Intervention au Conseil de Paris. Décembre 2017.

Je vais faire l’explication de vote sur les deux vœux, donc pour quatre minutes. Oui, pardon, je présente les deux vœux au nom des Républicains et Indépendants.

Alors que ce dispositif de regroupement des crèches mérite d’être amélioré, c’est un fait que nous pouvons accepter et c’est un chantier que nous pouvons même aborder ensemble. En revanche, que vous décidiez arbitrairement, sans consultation, sans concertation avec les Parisiens, de fermer deux tiers des crèches de regroupement habituellement ouvertes pendant les vacances d’été et à Noël, nous y sommes farouchement opposés.

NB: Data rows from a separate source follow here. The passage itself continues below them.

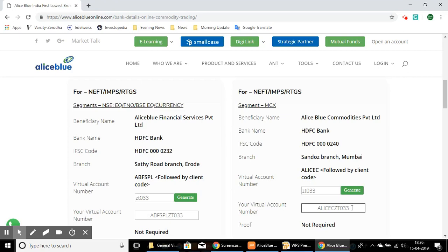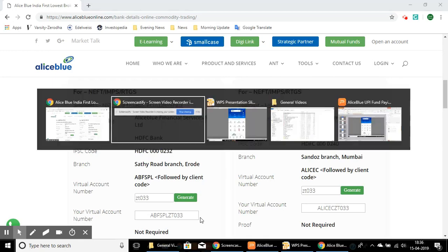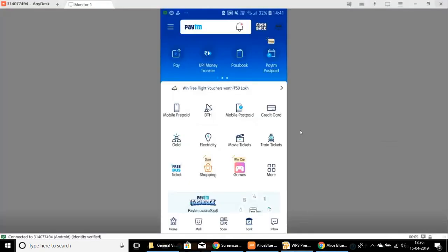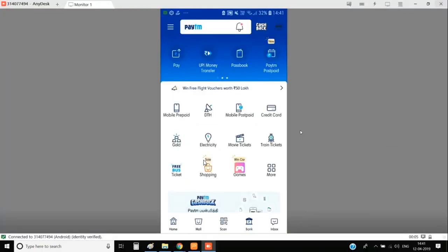Now, taking this number, please keep it in mind and I'll show you how to transfer using your mobile app. Now login to your UPI app. For this explanation, we are using the Paytm app. Select the UPI money transfer section here.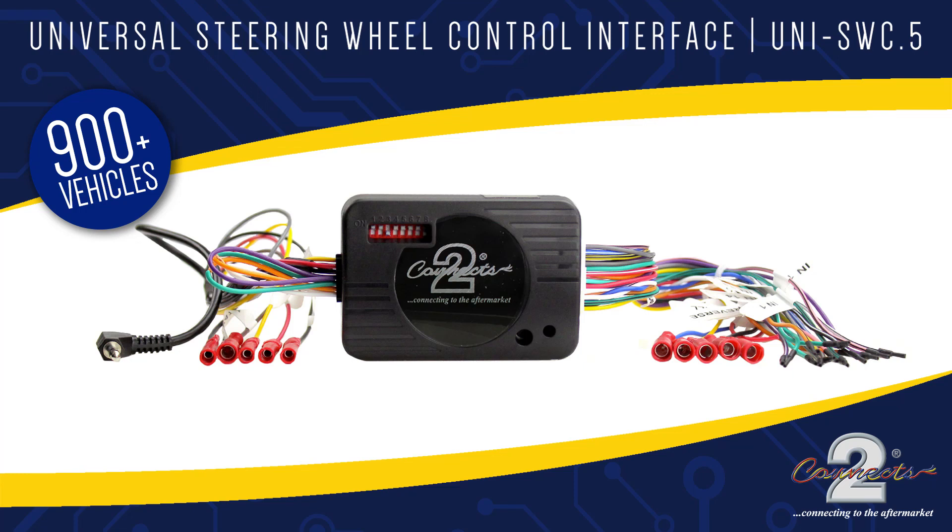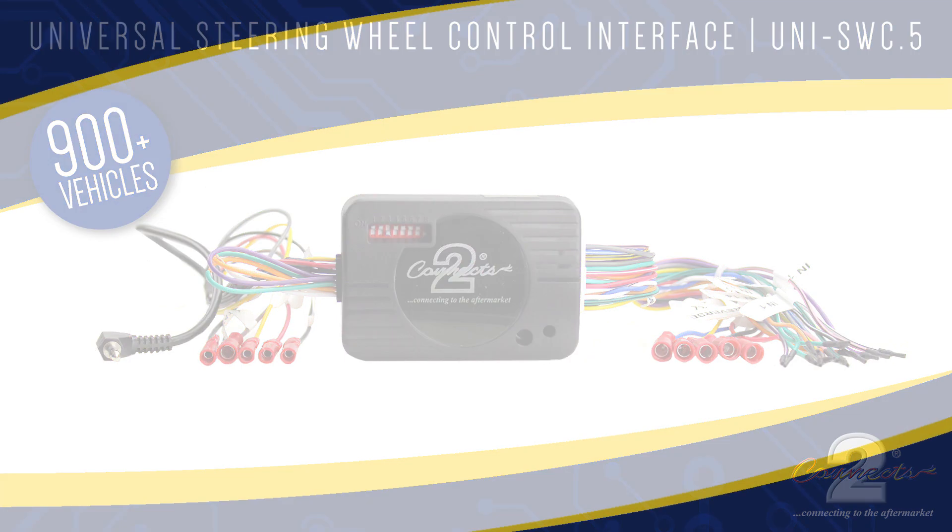Our new Uni SWC.5 interface is designed to retain the steering wheel control functionality of your vehicle when upgrading to an aftermarket head unit. The Uni SWC.5 can be programmed to configure any vehicle function to any button.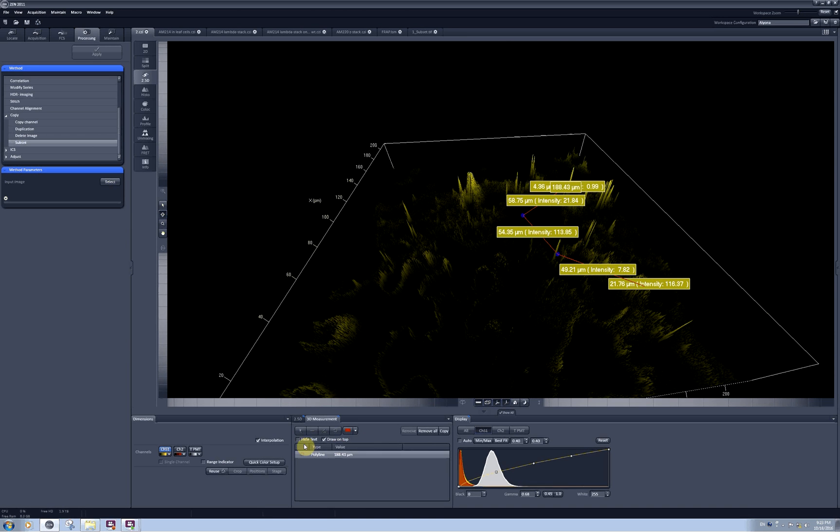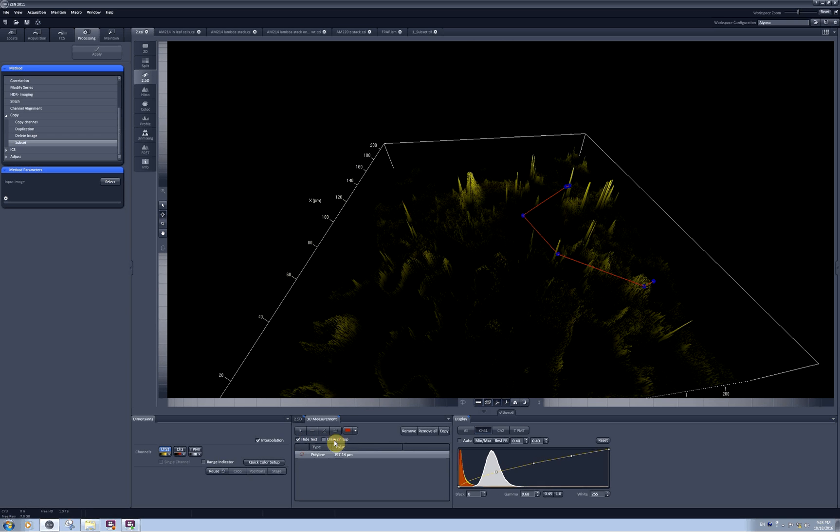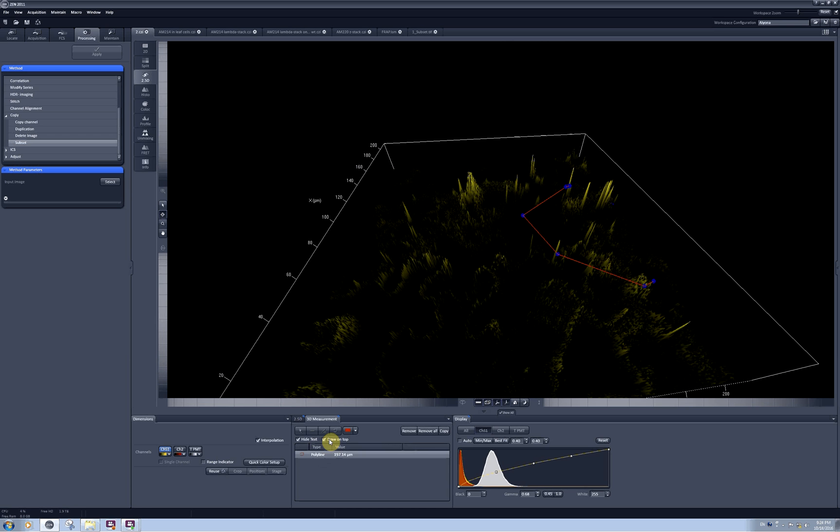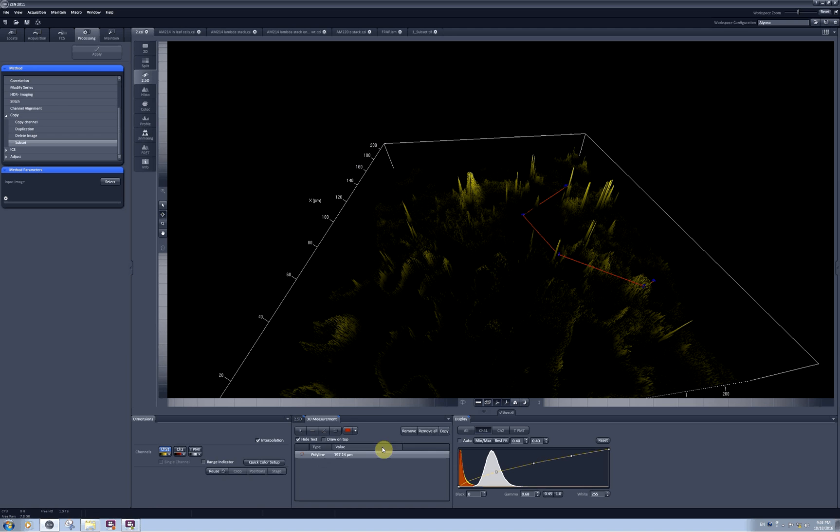And if you don't want to see this text overlaying your model you can check in the hide the text and also either draw the lines on the top or hide them inside your model. Currently you cannot see any values of the measurements but you can click on copy and this should copy all measurement values into the clipboard and then you can paste it into Excel sheets. Here we go.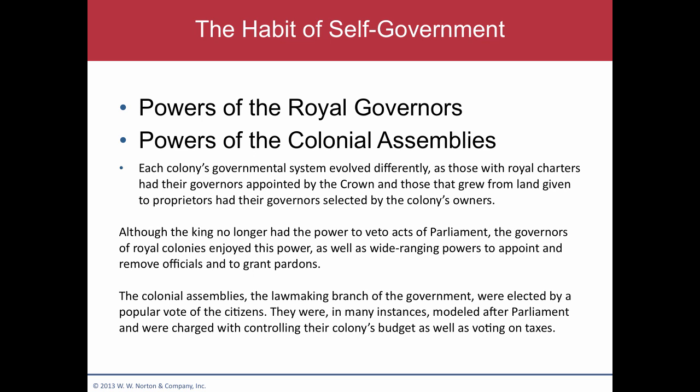The colonial assemblies, the lawmaking branch of the government, were elected by popular vote. Clearly this didn't mean every citizen — men, landowners, Indians, women, and African-Americans were excluded from the political process. But there was a moniker of democracy.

J’ai écrit à M. BLOCHE sur ce sujet, il y a quelques semaines, à l’issue du dernier conseil des parents du 9e arrondissement où ce sujet a été abordé en présence du directeur de la DFPE, pour m’émouvoir de ce sujet. Je considère que la concertation sur un sujet comme celui-ci est essentielle, et il est essentiel que vous puissiez dans les meilleurs délais réunir l’ensemble des maires pour qu’ils vous exposent les besoins des familles de leur arrondissement.

C’est bien de là qu’il faut partir, du besoin des familles. Or, puisque dans certains arrondissements vous annoncez qu’il n’y aura plus de crèches ouvertes, vous supprimez tout simplement un service public jusque-là rendu aux familles. Il faut rationaliser le groupement selon vous, soit, mais une crèche ouverte seulement pour une circonscription qui peut s’étendre, comme c’est le cas pour le 9e arrondissement, sur trois arrondissements, c’est trop peu, notamment du point de vue de l’organisation des familles.

Par ailleurs, sur la forme nous sommes en désaccord sur la sélection des familles pouvant bénéficier de ce service. Vous l’avez dit : 50 % des enfants qui fréquentaient ce service ne pourront plus y être admis ; pour la moitié restante, c’est une nouvelle procédure de sélection qui s’ouvrira.

Autrement dit, vous compliquez la vie des familles qui auront la chance de bénéficier d’une place en les contraignant à courir à l’autre bout de l’arrondissement voisin pour y déposer leur enfant. Vous rajoutez en outre une étape de sélection et le stress qui va avec.

Pour les moins chanceux, c’est-à-dire ceux qui travaillent en août sans autre alternative, qui n’ont pas de famille pour garder leurs enfants pendant cette période, c’est le système D qui prévaudra. Vous le savez, ce sont au final les mamans qui seront pénalisées. Même formulée en écriture inclusive, la suppression de ces crèches est un coup dur porté à l’égalité hommes/femmes, notamment professionnelle.

Donc nous vous demandons de vous engager à ouvrir le nombre suffisant, au moins une structure dans chaque arrondissement afin de répondre aux besoins réels des familles, au nom de la continuité du service public, et par-dessus tout au non d’un service d’accueil de la petite enfance de qualité.

Les jeunes enfants, de même que les professionnels de crèche, méritent mieux que cette prétendue innovation, qui est plutôt selon moi une dégradation de service, voire une régression du service public. Vous demandez aux unes de chambouler leur organisation et aux enfants de s’adapter à vos desiderata, au risque de les perturber. Pour nous, la crèche n’est pas un simple dépose-minute où on laisse les enfants sans les considérer.

Pour les parents du 9e arrondissement que j’ai consultés, ce projet apparaît aussi comme une double peine : non seulement ils n’ont pas la possibilité de faire partir leur enfant en vacances pendant cette période, mais en plus ils vont devoir leur faire prendre les transports pour les emmener dans le meilleur des cas dans une crèche trop éloignée de leur domicile.

Nous formons donc le vœu au groupe Républicains et Indépendants que vous reveniez sur cette décision et que vous fassiez preuve en la matière de beaucoup plus de pragmatisme.